[Start of Attachment]

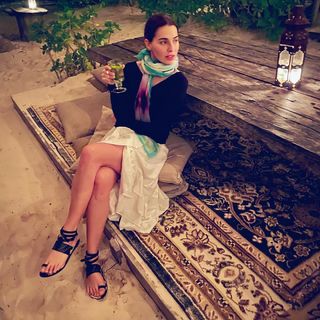 Melia Kreiling feet photo 9
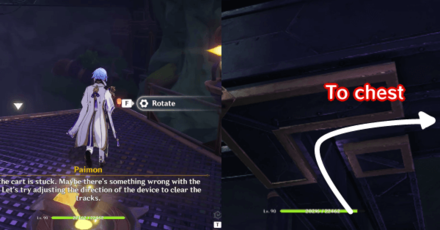 Genshin - Deus Foundry Walkthrough Pattern 3 - Step 2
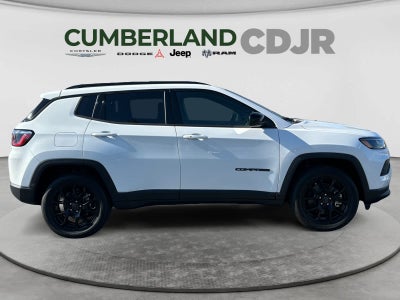2026 Jeep Compass Latitude Altitude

[End of Attachment]

> _WHAT IS NEEDED_
Only the words belong in your copy: restate the data above exactly and leave the images out.

> _YOUR RESPONSE_
 Melia Kreiling feet photo 9
 Genshin - Deus Foundry Walkthrough Pattern 3 - Step 2
2026 Jeep Compass Latitude Altitude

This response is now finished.